But the explorer's acclaim was short-lived. Five days after Cook's triumphant emergence from the Arctic, his rival Robert E. Peary cabled from Labrador to say that he alone had stood at 90 degrees north and that Cook was a fraud. "He has not been to the Pole on April 21st, 1908, or at any other time," Peary told The New York Times. "He has simply handed the public a gold brick." When Cook, who said he had entrusted his field notes and instruments to a wandering sportsman in northernmost Greenland, failed to produce sufficient navigational proof of his feat, some newspapers branded Cook "the North Pole Swindler."

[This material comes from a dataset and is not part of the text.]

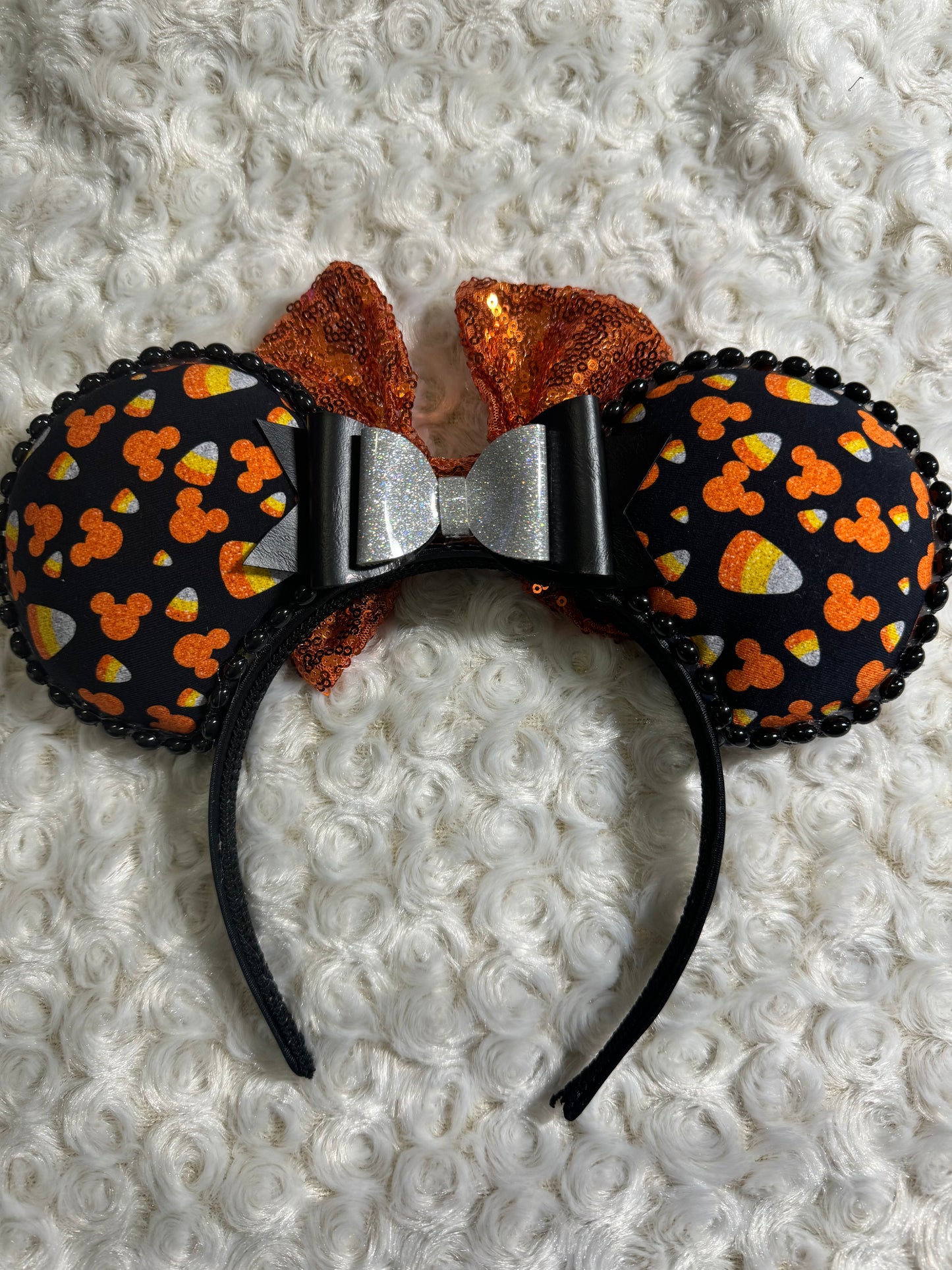 Candy Corn Mouse w/ Orange Bow Ears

Peary, who had succeeded Cook as president of the Explorers Club, went on to use the club's clout and his ties to the Times and the National Geographic Society, to disparage Cook's 1906 claim to the first ascent of Mt. McKinley, North America's highest peak.

The world had long since dismissed Cook as a charlatan when in 1923, a Fort Worth judge sentenced Cook to 14 years and nine months in prison for fraudulently promoting oil stocks. "Time will bear out claims that I have for myself," Cook told reporters after he was paroled in 1930. "Time, and a final examination of the records." A measure of vindication came when President Franklin D. Roosevelt pardoned Cook after he suffered a stroke in 1940. "Great...happy," the 75-year-old Cook uttered upon seeing the certificate. Then he sank into a coma and died three months later.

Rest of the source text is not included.